31 Comments by Aussa Lorens on February 26, 2019

So I guess I’m officially at the point in my life where I forget to blog about spending a few weeks in Rwanda and Uganda. I am equally horrified and pleased with myself. As usual.

Here are your spoilers up front:

  1. Rwanda is absolute paradise. Garden of Eden. Cradle of Life. Evict all other assumptions you have about what this country is like.
  2. My ego enjoys it when you guys think I’m “fearless” but we were so safe and everyone was super friendly and welcoming. I didn’t experience anything remotely resembling fear (of my surroundings) until we got back to Denver: a rather safe city.

One last note on fear: Anytime I go on a trip, people tell me to “be safe.” That’s fair. I have to tell myself to “be safe” when I’m only going to Whole Foods, because of stuff like this but people also ask “aren’t you scared?” when I tell them about an upcoming trip. I know I’ve talked about this elsewhere, as well as making a comparison between gun-related deaths in countries I’ve traveled to and the states (one more spoiler: Rwanda’s murder rate is 2.52/100k to America’s 5.35/100k) but I came to a realization while we were away, and it’s this:

I may as well do “scary” things because fear is something I carry with me everywhere I go.

I had a panic attack our first night in Kigali. Not because we were in Africa. Not because it was an unfamiliar place, a strange bed. No– I had a panic attack because I have some kind of PTSD hypervigilant wounded person situation that makes me wake up in the middle of the night, unable to breathe, heart pounding, with one thought: this is it.

Even though I was able to retrace what woke me– the sound of a plastic chair scraping on a patio outside– it didn’t change the fact my body was convinced this was a true Kill or Be Killed situation. It had nothing to do with where we were. And it only happened that one time, which may actually mean it happened less while we were away than it does when I’m at home in my so-called “normal” life.

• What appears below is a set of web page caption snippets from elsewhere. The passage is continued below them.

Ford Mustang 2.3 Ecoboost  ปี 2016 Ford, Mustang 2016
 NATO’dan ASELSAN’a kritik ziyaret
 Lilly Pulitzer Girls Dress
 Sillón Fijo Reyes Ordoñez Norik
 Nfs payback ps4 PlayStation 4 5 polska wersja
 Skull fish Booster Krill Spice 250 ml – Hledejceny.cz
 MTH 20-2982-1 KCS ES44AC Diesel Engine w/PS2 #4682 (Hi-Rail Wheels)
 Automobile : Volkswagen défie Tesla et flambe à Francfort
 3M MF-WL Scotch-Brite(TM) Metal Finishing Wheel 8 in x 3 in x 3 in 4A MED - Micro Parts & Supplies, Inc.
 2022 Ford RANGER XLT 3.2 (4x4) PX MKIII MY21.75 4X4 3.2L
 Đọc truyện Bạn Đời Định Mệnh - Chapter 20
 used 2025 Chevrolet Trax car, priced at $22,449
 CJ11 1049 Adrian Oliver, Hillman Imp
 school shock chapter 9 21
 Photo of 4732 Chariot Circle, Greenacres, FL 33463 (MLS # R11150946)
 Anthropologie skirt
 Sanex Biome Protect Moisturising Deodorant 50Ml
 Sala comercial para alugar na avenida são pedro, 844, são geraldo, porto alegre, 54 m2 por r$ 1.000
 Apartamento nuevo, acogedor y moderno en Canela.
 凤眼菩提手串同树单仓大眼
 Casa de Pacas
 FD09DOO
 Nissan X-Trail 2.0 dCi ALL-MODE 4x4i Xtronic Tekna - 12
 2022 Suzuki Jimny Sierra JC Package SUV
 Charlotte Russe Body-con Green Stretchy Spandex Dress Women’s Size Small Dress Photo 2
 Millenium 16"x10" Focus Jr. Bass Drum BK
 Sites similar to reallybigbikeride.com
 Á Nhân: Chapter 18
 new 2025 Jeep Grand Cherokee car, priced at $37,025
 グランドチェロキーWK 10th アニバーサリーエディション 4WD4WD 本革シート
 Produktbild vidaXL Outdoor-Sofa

ANYWAYS my point is this: We do and don’t do a lot of things because of fear. I’m not saying all fear is illegitimate, I just think there’s an argument for… I don’t know, doing things even if they seem scary. Because if you’re me, fear is going to latch onto whatever it can find regardless of how “safe” you try to keep yourself.

Part One: Rwanda

Rwanda is like if Ecuador moved to Africa, had a baby with Nepal, then got KonMari’d because the country is *spotless*. I’ve heard complaints from people in Austin and other US cities about having their plastic bags and straws taken away, but damn– if Rwanda is any evidence, it works.  

KIGALI

When we first got here, I posted on Facebook about how this was the cleanest city I’d ever visited. But as the trip went on, it turned out all the cities and villages were that clean– in my random videos you can see workers sweeping the dirt and dead leaves from the gutters. I never really saw any litter. It’s also super safe. You can walk around at night without any fear of someone messing with you. I’m not sure I’ve ever been or lived anywhere else where you could say the same.

We brunched at the Hotel des Mille Collines (aka “Hotel Rwanda” a la Don Cheadle) where 1200+ people sheltered during the genocide in 1994. It was disorienting to sit with that information, looking out over the city knowing this same vantage point would have given those who hid there a view of the genocide unfolding, or that the pool full of children and European tourists had been slowly drained for cooking. Even weirder was the non-far-away-feeling of the place, thanks to a live band covering Beyonce’s Halo (a song that haunts me) and a mounted TV flashing Trump’s phosphorescent face on CNN with the headline “Trump says he never said Mexico would pay for the wall (he did).”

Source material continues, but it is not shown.